>>>>

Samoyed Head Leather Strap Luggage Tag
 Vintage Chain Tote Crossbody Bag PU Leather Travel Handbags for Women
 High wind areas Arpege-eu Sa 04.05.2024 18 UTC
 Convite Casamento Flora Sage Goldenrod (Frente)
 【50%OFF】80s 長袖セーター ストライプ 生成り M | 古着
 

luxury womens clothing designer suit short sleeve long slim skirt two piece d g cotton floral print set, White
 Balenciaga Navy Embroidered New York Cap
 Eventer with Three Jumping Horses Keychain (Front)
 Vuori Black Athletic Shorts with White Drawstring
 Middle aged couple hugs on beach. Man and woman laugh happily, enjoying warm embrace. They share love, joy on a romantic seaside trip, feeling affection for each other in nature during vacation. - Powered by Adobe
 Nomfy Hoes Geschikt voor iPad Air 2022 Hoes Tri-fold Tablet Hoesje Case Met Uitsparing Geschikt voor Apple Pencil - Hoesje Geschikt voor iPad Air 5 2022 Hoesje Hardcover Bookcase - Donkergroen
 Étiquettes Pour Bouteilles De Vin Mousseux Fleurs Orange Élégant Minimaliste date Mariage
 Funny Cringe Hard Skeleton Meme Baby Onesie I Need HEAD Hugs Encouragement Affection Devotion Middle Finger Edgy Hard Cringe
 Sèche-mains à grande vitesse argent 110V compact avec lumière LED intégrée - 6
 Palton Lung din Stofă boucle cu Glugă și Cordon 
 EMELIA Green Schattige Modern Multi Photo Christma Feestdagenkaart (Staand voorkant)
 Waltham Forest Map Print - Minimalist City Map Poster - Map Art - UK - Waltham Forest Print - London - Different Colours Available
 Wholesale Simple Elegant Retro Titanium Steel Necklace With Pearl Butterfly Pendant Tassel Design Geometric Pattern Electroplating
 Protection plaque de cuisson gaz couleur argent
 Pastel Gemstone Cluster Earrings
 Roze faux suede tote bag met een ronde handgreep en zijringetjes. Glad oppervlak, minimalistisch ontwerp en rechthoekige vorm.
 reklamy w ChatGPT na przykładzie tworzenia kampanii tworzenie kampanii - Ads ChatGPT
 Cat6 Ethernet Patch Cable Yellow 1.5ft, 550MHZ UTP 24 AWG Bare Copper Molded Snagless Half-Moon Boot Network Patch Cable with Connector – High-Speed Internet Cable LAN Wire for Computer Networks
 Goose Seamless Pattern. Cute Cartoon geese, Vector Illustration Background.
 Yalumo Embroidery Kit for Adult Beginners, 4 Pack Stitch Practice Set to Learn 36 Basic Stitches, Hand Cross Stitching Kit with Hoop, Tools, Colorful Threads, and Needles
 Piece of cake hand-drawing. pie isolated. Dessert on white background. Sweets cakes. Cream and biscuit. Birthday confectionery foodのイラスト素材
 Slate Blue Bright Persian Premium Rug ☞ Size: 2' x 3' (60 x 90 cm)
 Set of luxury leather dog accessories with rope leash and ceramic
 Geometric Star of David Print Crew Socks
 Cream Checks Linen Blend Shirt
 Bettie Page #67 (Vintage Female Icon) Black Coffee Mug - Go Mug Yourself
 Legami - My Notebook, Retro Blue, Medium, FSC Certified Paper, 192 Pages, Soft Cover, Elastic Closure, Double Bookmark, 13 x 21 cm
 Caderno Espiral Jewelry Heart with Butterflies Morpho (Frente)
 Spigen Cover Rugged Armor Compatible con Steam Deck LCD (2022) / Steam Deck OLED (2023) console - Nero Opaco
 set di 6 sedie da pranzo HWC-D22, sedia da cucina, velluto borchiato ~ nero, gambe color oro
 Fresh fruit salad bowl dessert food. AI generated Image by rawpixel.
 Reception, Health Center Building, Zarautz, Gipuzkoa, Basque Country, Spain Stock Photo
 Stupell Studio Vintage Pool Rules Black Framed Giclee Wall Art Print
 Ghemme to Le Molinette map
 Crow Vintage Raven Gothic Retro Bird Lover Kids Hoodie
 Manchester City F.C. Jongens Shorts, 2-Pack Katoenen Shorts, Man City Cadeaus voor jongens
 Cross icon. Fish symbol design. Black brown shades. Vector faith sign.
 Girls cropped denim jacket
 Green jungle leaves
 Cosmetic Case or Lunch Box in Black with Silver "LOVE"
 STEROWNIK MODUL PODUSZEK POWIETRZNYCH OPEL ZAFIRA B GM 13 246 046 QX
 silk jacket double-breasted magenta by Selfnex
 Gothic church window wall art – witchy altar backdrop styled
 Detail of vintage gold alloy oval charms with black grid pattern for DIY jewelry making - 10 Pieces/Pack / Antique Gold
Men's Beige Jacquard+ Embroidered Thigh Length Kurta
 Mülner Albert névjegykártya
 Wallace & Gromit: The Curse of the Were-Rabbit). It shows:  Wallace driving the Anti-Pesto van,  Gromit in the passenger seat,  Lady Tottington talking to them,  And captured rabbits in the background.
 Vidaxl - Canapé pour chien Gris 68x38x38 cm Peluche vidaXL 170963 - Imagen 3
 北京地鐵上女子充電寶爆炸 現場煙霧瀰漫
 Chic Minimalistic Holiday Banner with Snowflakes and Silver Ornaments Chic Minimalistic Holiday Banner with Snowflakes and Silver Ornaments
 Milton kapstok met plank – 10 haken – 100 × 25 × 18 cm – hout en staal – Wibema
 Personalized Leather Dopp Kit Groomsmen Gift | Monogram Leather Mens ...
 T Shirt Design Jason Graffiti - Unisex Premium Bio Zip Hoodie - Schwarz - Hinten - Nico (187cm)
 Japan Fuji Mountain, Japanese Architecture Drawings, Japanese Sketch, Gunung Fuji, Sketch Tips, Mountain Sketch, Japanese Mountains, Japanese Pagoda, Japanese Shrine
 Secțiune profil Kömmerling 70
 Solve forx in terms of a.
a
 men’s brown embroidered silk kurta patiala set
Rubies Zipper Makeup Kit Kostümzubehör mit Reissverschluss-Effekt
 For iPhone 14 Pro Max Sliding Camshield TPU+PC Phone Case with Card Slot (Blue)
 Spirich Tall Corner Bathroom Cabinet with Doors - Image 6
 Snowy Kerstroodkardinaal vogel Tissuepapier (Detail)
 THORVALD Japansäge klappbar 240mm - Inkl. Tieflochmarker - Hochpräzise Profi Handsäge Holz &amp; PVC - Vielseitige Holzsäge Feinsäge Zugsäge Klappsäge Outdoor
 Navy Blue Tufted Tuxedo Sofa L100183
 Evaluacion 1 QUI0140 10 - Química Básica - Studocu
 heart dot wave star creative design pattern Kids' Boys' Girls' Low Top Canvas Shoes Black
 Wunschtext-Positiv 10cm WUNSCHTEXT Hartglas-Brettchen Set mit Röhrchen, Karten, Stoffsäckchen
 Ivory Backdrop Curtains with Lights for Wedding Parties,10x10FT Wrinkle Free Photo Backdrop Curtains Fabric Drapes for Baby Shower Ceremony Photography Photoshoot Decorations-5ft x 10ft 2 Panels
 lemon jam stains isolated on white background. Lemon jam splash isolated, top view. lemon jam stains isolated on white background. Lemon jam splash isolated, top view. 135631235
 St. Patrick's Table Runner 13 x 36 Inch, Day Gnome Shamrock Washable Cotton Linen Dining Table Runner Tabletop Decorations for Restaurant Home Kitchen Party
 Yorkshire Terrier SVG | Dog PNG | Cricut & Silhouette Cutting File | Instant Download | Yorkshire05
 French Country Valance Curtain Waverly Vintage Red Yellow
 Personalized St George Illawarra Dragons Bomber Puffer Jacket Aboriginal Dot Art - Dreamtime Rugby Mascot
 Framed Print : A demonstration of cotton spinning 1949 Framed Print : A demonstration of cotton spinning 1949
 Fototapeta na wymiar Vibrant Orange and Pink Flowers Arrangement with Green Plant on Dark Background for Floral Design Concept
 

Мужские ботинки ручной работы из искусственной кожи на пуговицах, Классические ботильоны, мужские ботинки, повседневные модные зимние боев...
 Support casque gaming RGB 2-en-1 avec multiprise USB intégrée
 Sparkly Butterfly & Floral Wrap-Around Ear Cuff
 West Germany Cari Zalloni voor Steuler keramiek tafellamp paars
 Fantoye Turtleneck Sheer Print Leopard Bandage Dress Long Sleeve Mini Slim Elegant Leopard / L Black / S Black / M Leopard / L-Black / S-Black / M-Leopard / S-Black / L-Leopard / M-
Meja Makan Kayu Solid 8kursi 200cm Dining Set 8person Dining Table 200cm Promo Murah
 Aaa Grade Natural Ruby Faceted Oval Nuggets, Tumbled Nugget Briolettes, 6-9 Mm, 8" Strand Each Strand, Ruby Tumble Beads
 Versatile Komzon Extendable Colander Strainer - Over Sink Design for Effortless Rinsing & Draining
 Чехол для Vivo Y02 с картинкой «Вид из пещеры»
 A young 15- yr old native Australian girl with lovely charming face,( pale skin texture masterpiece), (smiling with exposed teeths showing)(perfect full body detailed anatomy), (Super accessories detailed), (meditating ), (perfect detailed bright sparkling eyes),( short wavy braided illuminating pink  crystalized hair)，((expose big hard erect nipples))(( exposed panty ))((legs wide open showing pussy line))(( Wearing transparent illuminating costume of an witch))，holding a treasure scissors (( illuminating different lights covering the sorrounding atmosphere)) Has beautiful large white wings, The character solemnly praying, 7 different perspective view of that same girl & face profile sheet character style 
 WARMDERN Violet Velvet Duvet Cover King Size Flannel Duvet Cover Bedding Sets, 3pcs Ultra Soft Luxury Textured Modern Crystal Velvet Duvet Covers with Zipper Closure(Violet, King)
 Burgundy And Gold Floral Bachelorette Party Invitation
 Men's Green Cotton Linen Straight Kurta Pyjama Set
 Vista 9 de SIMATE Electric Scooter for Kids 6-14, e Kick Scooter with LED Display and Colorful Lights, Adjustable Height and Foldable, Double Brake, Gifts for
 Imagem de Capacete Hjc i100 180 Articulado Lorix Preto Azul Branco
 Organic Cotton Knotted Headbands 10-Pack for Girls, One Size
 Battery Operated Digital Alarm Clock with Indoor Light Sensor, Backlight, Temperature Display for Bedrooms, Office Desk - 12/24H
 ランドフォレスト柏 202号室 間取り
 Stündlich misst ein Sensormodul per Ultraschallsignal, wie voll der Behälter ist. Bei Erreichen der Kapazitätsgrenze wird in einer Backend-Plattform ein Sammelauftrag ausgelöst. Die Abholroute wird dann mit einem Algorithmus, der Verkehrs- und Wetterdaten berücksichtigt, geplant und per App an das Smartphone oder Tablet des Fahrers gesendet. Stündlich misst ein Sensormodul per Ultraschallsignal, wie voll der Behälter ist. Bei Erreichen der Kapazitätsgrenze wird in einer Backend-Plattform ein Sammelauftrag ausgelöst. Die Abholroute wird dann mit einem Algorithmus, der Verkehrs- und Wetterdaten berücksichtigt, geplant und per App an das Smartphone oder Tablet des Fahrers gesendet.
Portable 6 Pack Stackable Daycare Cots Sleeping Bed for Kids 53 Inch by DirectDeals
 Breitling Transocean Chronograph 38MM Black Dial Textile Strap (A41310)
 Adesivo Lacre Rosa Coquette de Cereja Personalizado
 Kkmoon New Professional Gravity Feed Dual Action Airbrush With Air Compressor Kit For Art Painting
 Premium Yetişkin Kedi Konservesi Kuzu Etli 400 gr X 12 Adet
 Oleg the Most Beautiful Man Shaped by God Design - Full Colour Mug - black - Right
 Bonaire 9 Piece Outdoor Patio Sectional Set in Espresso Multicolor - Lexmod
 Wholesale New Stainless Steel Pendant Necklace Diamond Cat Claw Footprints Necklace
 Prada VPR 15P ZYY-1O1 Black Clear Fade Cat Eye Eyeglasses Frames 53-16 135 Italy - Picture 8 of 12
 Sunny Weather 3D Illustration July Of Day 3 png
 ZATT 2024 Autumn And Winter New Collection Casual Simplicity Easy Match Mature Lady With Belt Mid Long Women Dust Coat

<<<<

What is required: What should come out is the exact run of lines from the one holding "Portable 6 Pack" through the end of the records above, and nothing besides.

Answer:
Portable 6 Pack Stackable Daycare Cots Sleeping Bed for Kids 53 Inch by DirectDeals
 Breitling Transocean Chronograph 38MM Black Dial Textile Strap (A41310)
 Adesivo Lacre Rosa Coquette de Cereja Personalizado
 Kkmoon New Professional Gravity Feed Dual Action Airbrush With Air Compressor Kit For Art Painting
 Premium Yetişkin Kedi Konservesi Kuzu Etli 400 gr X 12 Adet
 Oleg the Most Beautiful Man Shaped by God Design - Full Colour Mug - black - Right
 Bonaire 9 Piece Outdoor Patio Sectional Set in Espresso Multicolor - Lexmod
 Wholesale New Stainless Steel Pendant Necklace Diamond Cat Claw Footprints Necklace
 Prada VPR 15P ZYY-1O1 Black Clear Fade Cat Eye Eyeglasses Frames 53-16 135 Italy - Picture 8 of 12
 Sunny Weather 3D Illustration July Of Day 3 png
 ZATT 2024 Autumn And Winter New Collection Casual Simplicity Easy Match Mature Lady With Belt Mid Long Women Dust Coat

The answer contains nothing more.